Book cover image from Dooyoo (Corgi, 2005)
David Umber is "a man fleeing the past as well as pursuing it." He gets in a lot of hot water along the way -- so much that it looks like there's no way out. Worse, he fears he is pulling others down with him, a familiar feeling for this sensitive and traumatized man.
The story begins at the ancient stone circle of Avebury, where neolithic people built a henge. The history of this stone circle, like that of many other henges in the UK, has been obscured by time.
Goddard describes the ancient settlement as "a landscape where the unexplained and the inexplicable lie still and close, where man-made markers of a remote past mock the set and ordered world that is merely the flickering, fast-fleeing present."
Even so, what began on that warm Avebury afternoon was "of an order that did not allow for genuine forgetting." Many years later, it remains in the mind of David Umber, "simply there, always, pulling him back, dragging him down." This memory has become the dominant fact of his life, and all he can do in the face of it is to refine his "tactics of evasion."
Umber keeps well away from anything that might remind him, until he is sought out by the retired policeman George Sharp, who appears at his obscure hideout in Prague. That's when Umber, the failed historian, begins to unearth the part of his own past that he has tried so hard to bury.
George Sharp has new information on an ancient case. Now retired from the police force, he is no longer obliged to abide by its rules. A man with a mission, he wants Umber as an ally.

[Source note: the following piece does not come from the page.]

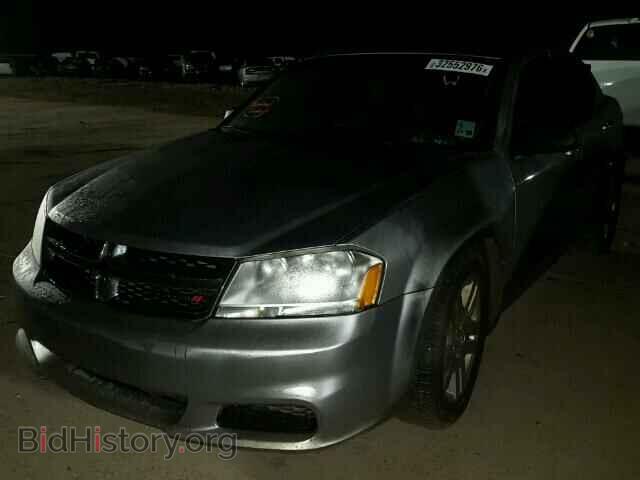 2013 DODGE AVENGER - VIN: 1C3CDZAB8DN531126 - Photo 2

Sharp understands Umber's reluctance to reopen old wounds. In an effort to make the task easier, he invites his associate to re-frame the passage of time not as a disadvantage, but as "a blessing" that will help them unveil the mystery. Time, says the old copper, reveals a pattern, and uncovering that pattern can lead to the truth.
Making an effort to overcome his unwillingness, David Umber does what he knows he must. He follows Sharp into the minefield of memories. The death of David's ex-wife Sally was found by the coroner to be an accident, but was it really? Could it have been suicide, or worse?

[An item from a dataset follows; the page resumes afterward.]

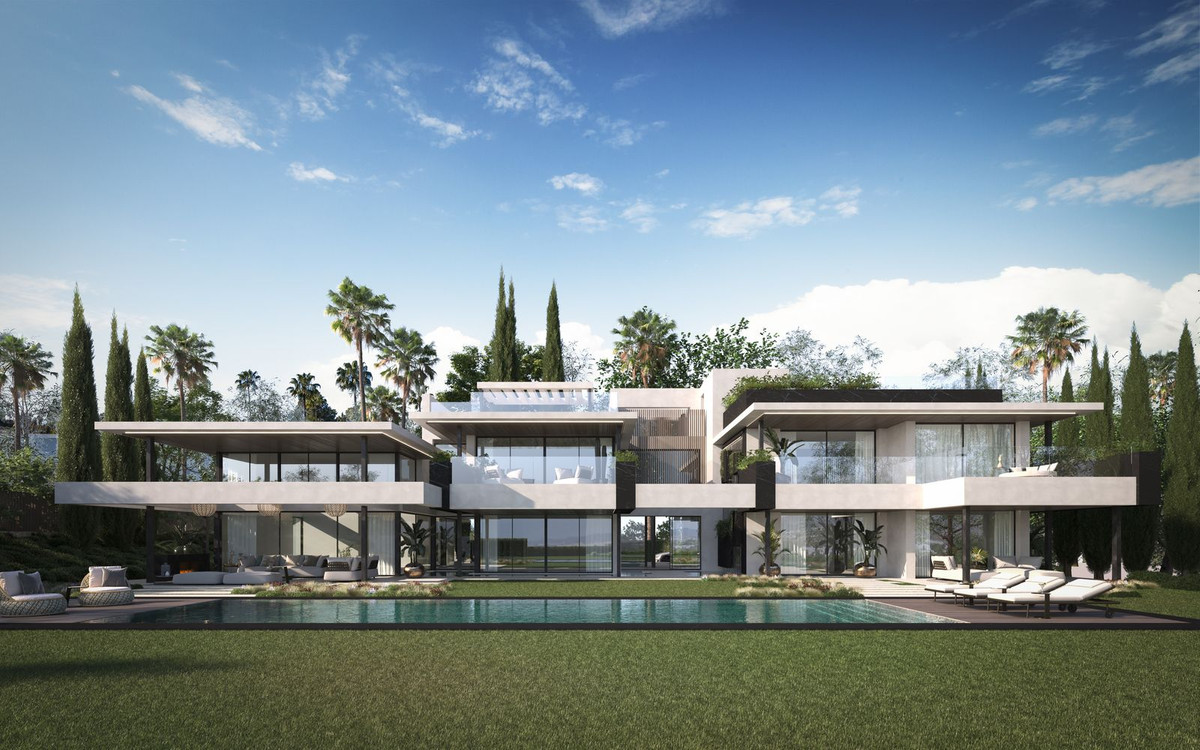 5 Bedroom Villa in Sotogrande - Photo 12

Sally's best friend Alice, a veteran of the Greenham Common protest, doesn't trust the authorities. On the day of Sally's funeral, Edmund Quested chose not to pass on a certain phone message, considering this an act of protection.

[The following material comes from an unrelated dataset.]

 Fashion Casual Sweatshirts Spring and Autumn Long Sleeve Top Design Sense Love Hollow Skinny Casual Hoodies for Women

David Umber must rake up all this and more, because, as he reminds an unwilling Alice she once told him, "the right thing to do is the only thing to do." With this idea, he perseveres in what he has come to see as a necessary quest. Reconnecting with the Junius papers, his original PhD research subject, brings him a small glimmering of hope.
As he sets out for the Staffordshire records office to check up on a historic detail, he is conscious of an inner shift. "Too often in the past, he had failed to follow his instincts." Now he is determined that he will. This decision brings him to Henry Griffin, the brother of the man who failed to show up for an appointment in Avebury twenty years before.
When Umber realizes that this information is another blind alley, he nearly falls into despair. But progress becomes possible again in the form of an unexpected invitation to see someone who's been avoiding him. "He could not ignore the summons. He could not resist the bait."
In this final effort, he breaks through to a truth that helps to set him free. For the first time since the original tragedy, David Umber glimpses a fragile hope of true and lasting inner peace.
As usual, Robert Goddard provides a satisfyingly nuanced and multi-layered tale with sympathetic and believable characters. He also keeps the reader guessing till the very end.